One of those measures involves joint training sessions at the national and provincial level, the first of which was held by the SPC and MOJ in November, 2023. These sessions have been replicated at the provincial level. These national and provincial sessions have multiple goals. Provincial high courts are working with the provincial departments of justice to improve administrative agency handling of administrative reconsideration cases under the amended Administrative Reconsideration Law and for those departments to better understand the standards by which courts review administrative action.
These joint training sessions and smoother cooperation between the courts, departments of justice, and Party authorities, also have other goals related to resolving administrative disputes.
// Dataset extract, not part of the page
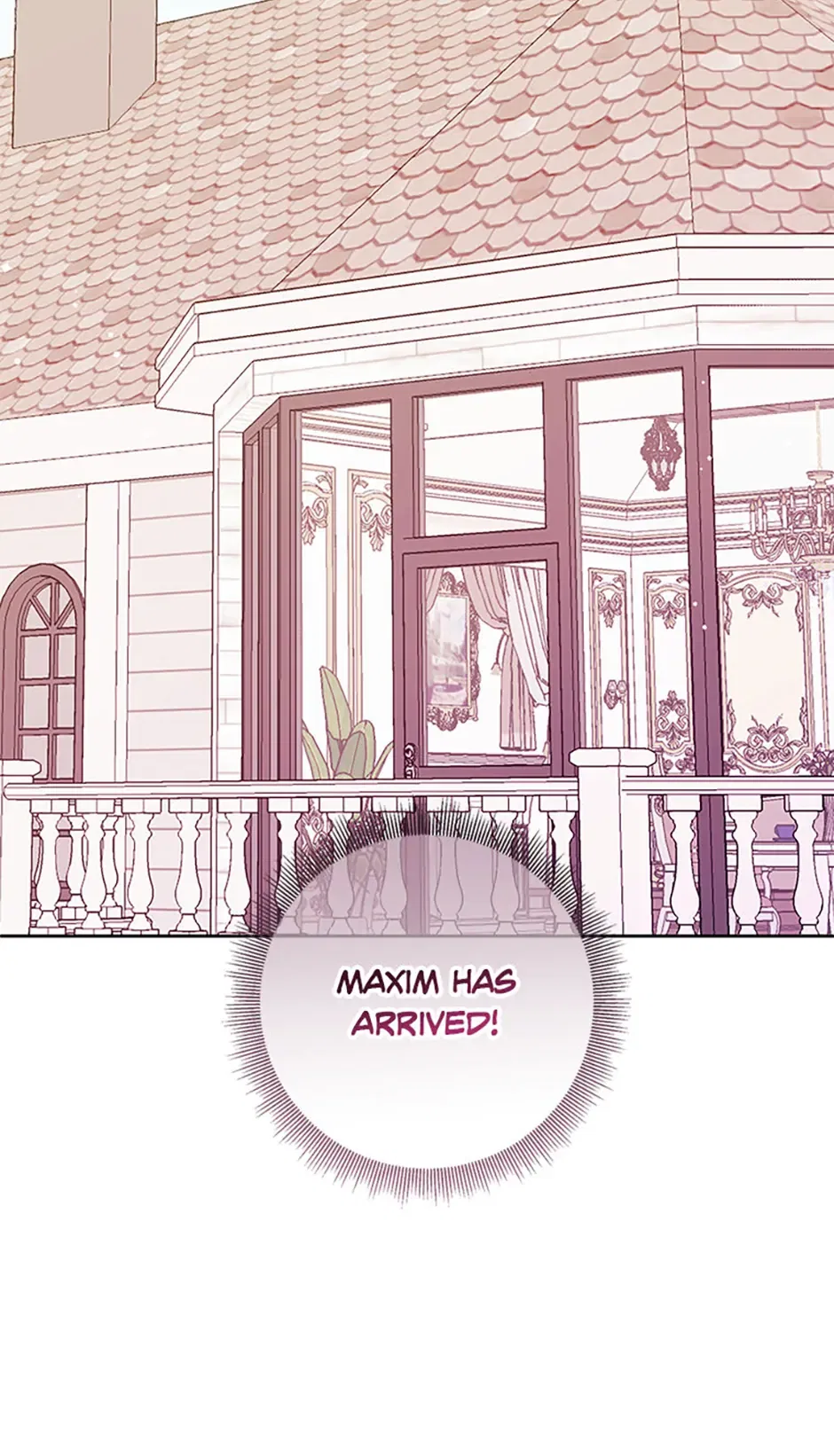 I’m Sorry for Being an Unqualified Empress Chapter 78 – Page 62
One of those is encouraging mediation of administrative disputes, as the amended Administrative Reconsideration Law provides. The SPC and provincial courts are involved with related measures to promote mediation, such as what is entitled “fault-tolerant ” and self-correcting” mechanisms. One example of the self-correcting mechanism is one promoted by a Guangdong court, sending a “pre-judgment mediation suggestion letter”(判前调解建议) to the defendant agency, suggesting an administrative agency self-correct, for cases where administrative agencies are likely to lose. Additionally, the courts seek to change cadre and institutional performance indicators related to administrative disputes, so that an institution and officials involved are not assessed negatively for agreeing to a mediated solution or change problematic measures. Additionally, the SPC and provincial courts want to incorporate administrative litigation-related performance indicators in governmental and cadre assessments. Those include administrative agencies’ execution of judgments, the frequency of agencies losing cases, the appearance of responsible persons in court to respond to lawsuits, feedback on judicial suggestions, a reduction in the litigation rate of administrative cases per 10,000 people, and the mediation or conciliation of administrative disputes into the government assessment systems, such as safe (Pingan) China and law-based government (法治政府).
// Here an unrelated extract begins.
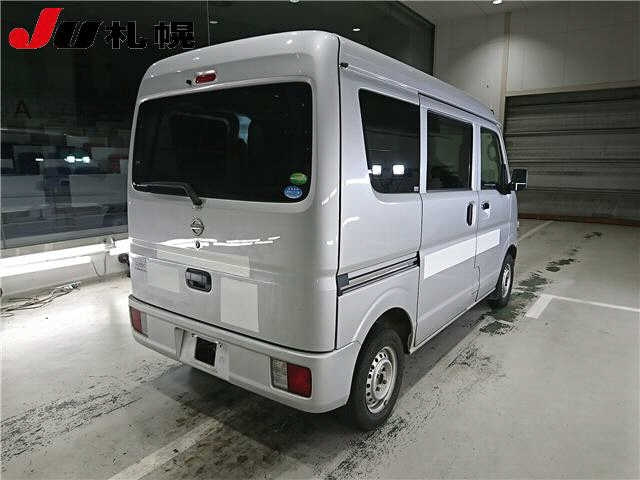 NISSAN CLIPPER VAN 2019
2. Improving the administrative litigation system
The SPC’s Administrative Division is promoting several measures to promote better administrative dispute resolution. One aspect is better involving specialist administrative judges at the case filing phase to ensure that only cases that meet statutory standards are accepted. This type of measure is not unusual, as other SPC specialist divisions require the same.
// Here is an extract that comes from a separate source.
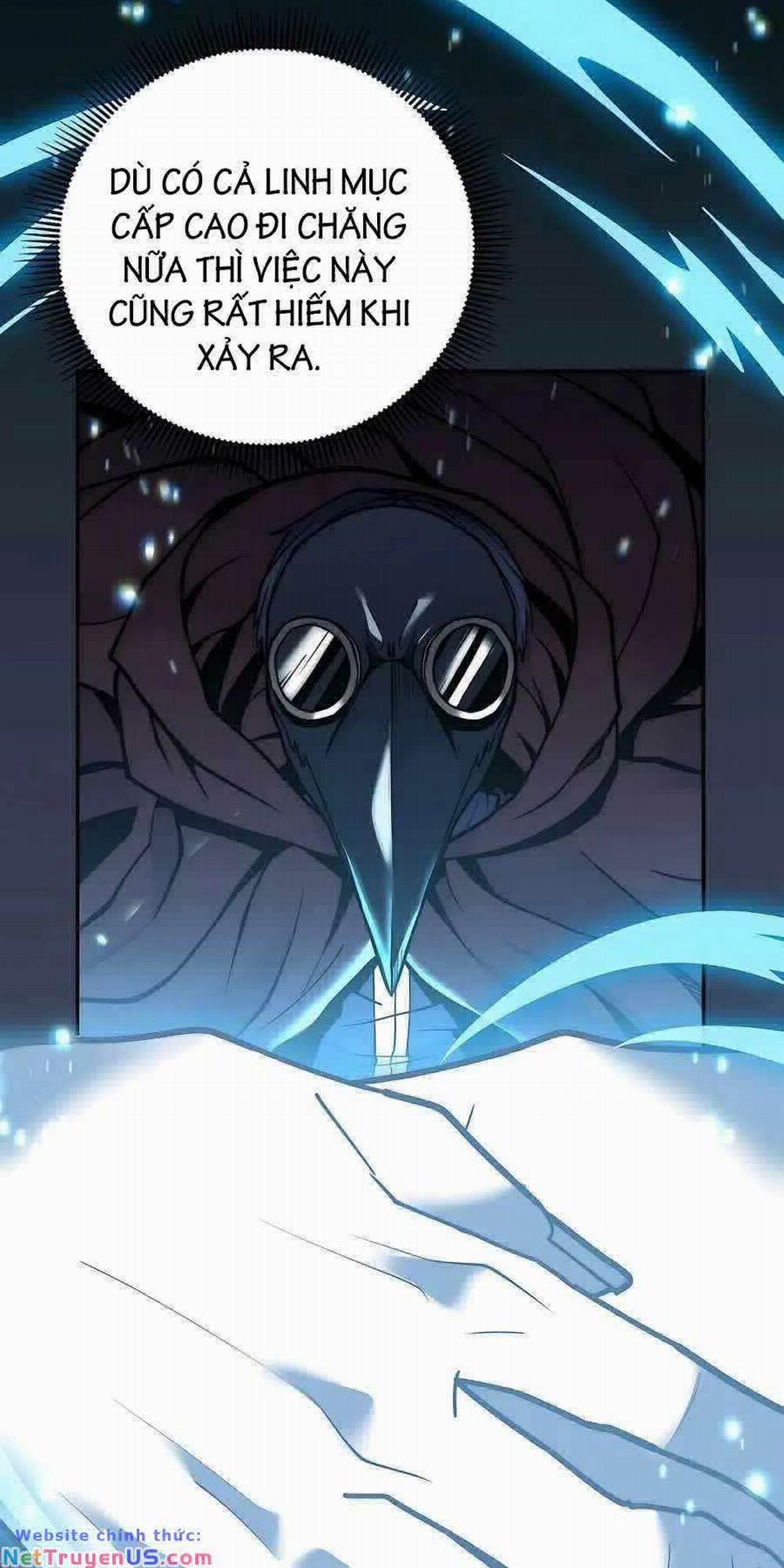 Cháu Trai Thánh Đế Là Tử Linh Sư 14 trang 28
Second, the SPC leadership has agreed to more guidance on administrative cases of the lower courts. They have agreed to the drafting or the amendment of current judicial interpretations on some of the most important administrative issues–the incidental review of normative documents (when a court is reviewing the legality of a specific administrative act), compensation for the expropriation of buildings on state-owned land, compensation for expropriation of collective land, and government information disclosure. Additionally, the SPC is issuing more administrative-related typical cases and appears to have encouraged local high courts to do the same, some with provincial departments of justice.
Concluding Comments
This post provides another discrete example of the unique operation of the SPC and indirectly highlights the skills required of its judges. It has illustrated another aspect of the SPC’s judicial activism, in addition to those about which I wrote in my China Law and Society Review article. Through unpacking official press reports, the careful reader can glimpse some of the understated ways that the Administrative Division of the SPC uses its specialist knowledge in administrative cases to engage in legal oversight of administrative authority outside of the courtroom. Underlying last year’s proposals and this year’s implementation are the skills of designing policies, actions, initiatives, and other decisions that hit the target of being politically correct (post-19th and 20th Party Congresses) while being “problem-oriented” (坚持问题导向) that is, addressing relevant practical issues.